For scientists, the Salmon is a good barometer on how healthy a streams ecosystem is. the reason for this is that the Brook trout only like cold clean water and will not tolerate pollution. It is for this reason that I love to stalk these fish.
Usually to catch the native species of brook trout, one has to hike into the mountains and secluded streams far away from population. In the south, this takes a little effort but it is well worth it.
The brook trouts average life span in the wild is 4 -7 years with some species reaching as long as 15 years in the right environment. At a year old the brook trout reaches sexual maturity and begins its spawning cycle between September to October where the female can lay thousands of eggs.
Even tho the brook trout has been known to be one of the best tasting of the 'trout' one can fish for, it is advisable and highly recommended that when fishing for native species, catch and release practices should always be implemented.
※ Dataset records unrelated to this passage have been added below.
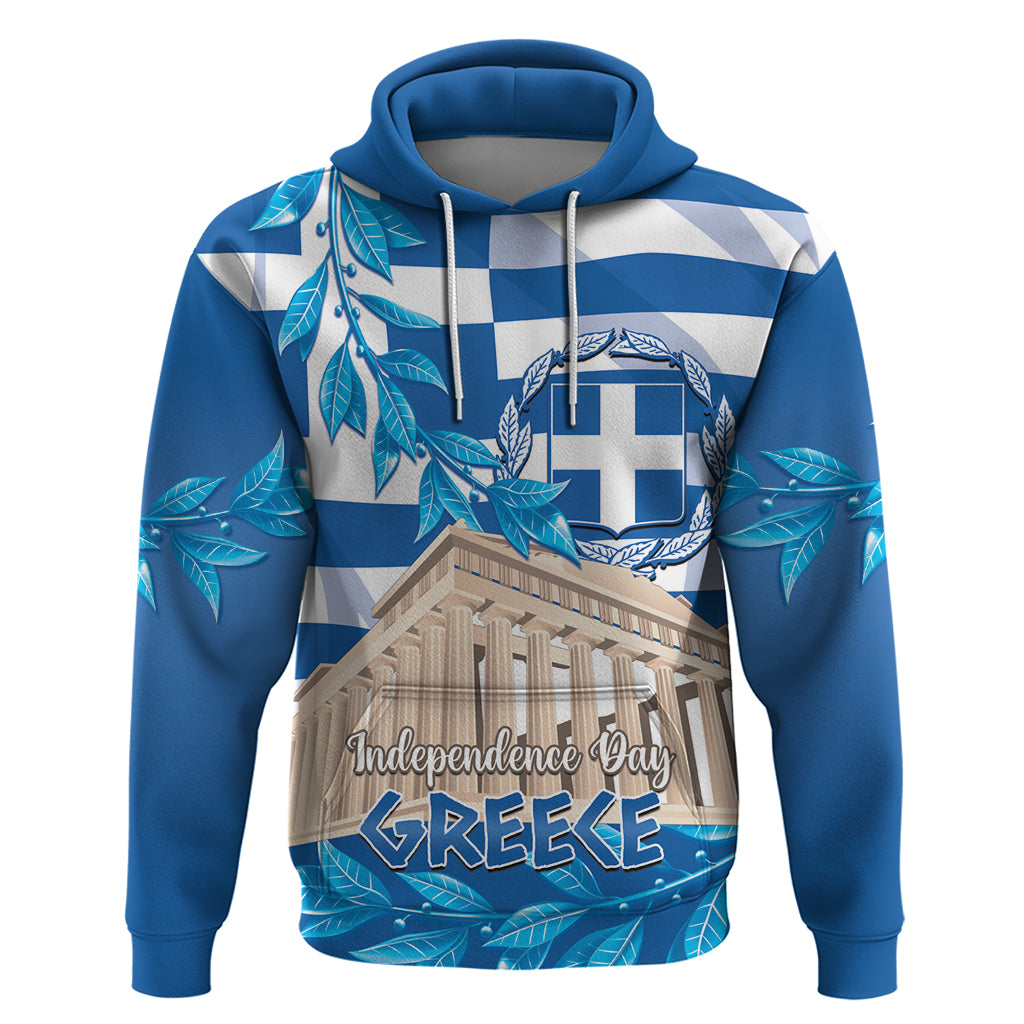 Personalised Greece Independence Day Hoodie Acropolis Mix Laurel Branch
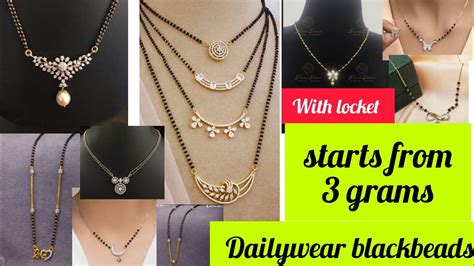 Latest Dailywear Gold Black Beads With Locket Gold Mangalsutra Chains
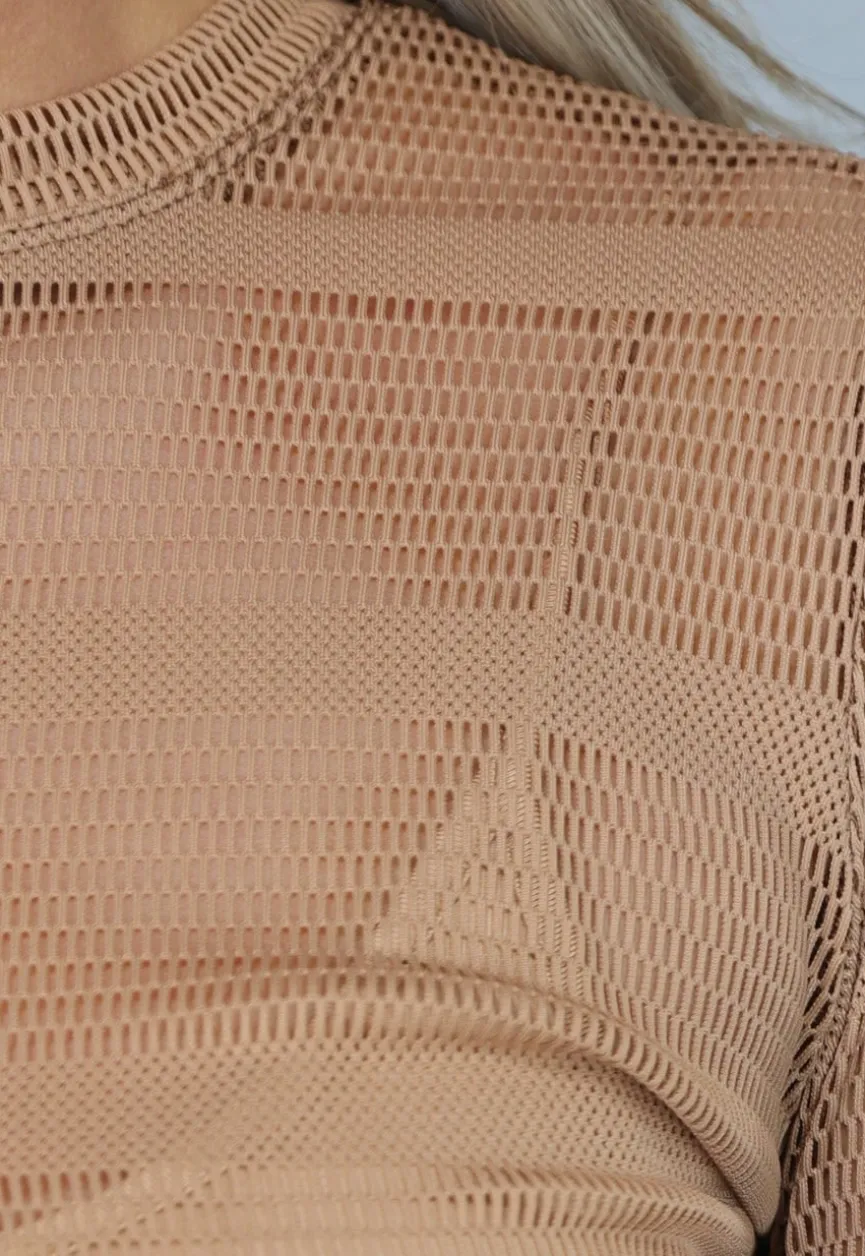 Taupe Jurk met Knit Look en Onderjurk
As for taking a few stalkys out of the so called 'put and take' stream for a tasty dinner, there is a bit of battle over the ethics of this.
Regardless of the controversy surrounding 'harvesting' , fly fishing these wonderful fish is something every angler should try. Drys and midges always work well and Tenkara fishing for these trout is a great way to get a hook into them but every know and then I like to toss a streamer to them. This seems to excite their predatory instinctual drive and make the fight all that more fun. One of the best streamers I have found for these fish is the Black Nose Dace or the classic Micky Fin Buck tail Streamer. I make mine in a variety of sizes including a #12 for those really small freestone pools that dot mountain streams. Sometimes I even add heavy hire for the ribbing in order to get the fly down in the water.
Brook Trout on Parchment
13in. x 5in.
Gouache and watercolor
on Acid free Parchment
My God, how am I monothematic on your blog. Beautiful as usual!
Two of my favorites!
You have done it again.
That's an outstanding painting of a Brook Trout.
For those anglers who have a special place within them for the Brookie they can appreciate the beauty you have portrayed on paper.
And the Mickey Finn, there's two peas in a pod.
Thanks and well done.
(would you consider removing word verification? it is truly painful to use now!!! please?!)
Tomek - Thanks for the overwhelming support
Bill - Mine as well
Brk - Like red wine and a med rare porterhouse or like Rum and Coke, these two belong together.
TexWisGrl - Thanks and I know. It is very annoying right? I was hoping Google would get so much negative feedback that they would fix it but it looks like I'll have to take action myself.
Hey Joel. When I first started fly fishing the Mickey Finn was one of the flies I wanted to use for Brookies, but couldn't find anyone that sold them, so as soon as I started tying it was one of the first. I've yet to hook a Brookie on one or the Black Dace which I've tied also. Then I didn't have much luck with Brookies of any kind last year. Maybe this year.
Nice post and a beautiful rendering of the "Aphrodite of the hemlocks" as Ernie Schwiebert called them. Not to nitpick, there are brookies that venture to the sea, or were, such as on Long Island. Salters, I think they call(ed) them.